Haw. Rev. Stat. § 490:1-203 sets forth a basic principle running throughout the Uniform Commercial Code (Code). The principle involved is that in commercial transactions good faith is required in the performance and enforcement of all agreements or duties. Particular applications of this general principle appear in specific provisions of the Code. It is further implemented by Section 1-205 on course of dealing and usage of trade.
Appellant paving company brought suit claiming a breach of a contract to sell asphalt by the appellee. The jury returned a verdict in favor of the appellant awarding damages. The trial court set aside the verdict of the jury. On review, judgment notwithstanding the verdict was reversed and jury verdict reinstated because the verdict in favor of the appellant was supported by sufficient evidence of trade usage of price protection.
Did the trial court err in allowing evidence of trade usage to be admitted into the record?
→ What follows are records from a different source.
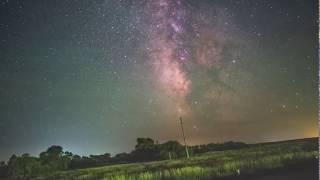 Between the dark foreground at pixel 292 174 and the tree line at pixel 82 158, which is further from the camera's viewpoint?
the tree line at pixel 82 158

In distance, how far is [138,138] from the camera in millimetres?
13070

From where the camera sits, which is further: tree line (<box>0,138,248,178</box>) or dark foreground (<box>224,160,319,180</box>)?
tree line (<box>0,138,248,178</box>)

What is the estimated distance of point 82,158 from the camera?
15.1m

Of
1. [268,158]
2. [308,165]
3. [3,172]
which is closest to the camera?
[308,165]

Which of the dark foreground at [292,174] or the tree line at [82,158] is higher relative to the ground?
the tree line at [82,158]

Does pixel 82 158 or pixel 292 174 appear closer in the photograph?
pixel 292 174

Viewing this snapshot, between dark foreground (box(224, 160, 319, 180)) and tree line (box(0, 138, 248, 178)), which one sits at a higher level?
tree line (box(0, 138, 248, 178))

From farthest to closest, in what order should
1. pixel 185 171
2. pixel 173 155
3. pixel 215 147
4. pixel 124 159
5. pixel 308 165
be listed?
1. pixel 215 147
2. pixel 173 155
3. pixel 124 159
4. pixel 308 165
5. pixel 185 171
The court determined that the Uniform Commercial Code in Hawaii required the court to look at external circumstances in order to determine the intent of the parties to a contract. The court also held that the unique circumstances of the market on Oahu and in Hawaii in general created a general trade usage of price protection in the sale of asphalt. Courts should not stand in the way of new commercial practices and usages by insisting on maintaining the narrow and inflexible old rules of interpretation. The court found the trial court did not err in allowing evidence of trade usage to be admitted into the record, and found sufficient evidence supported the jury's verdict in favor of the appellant.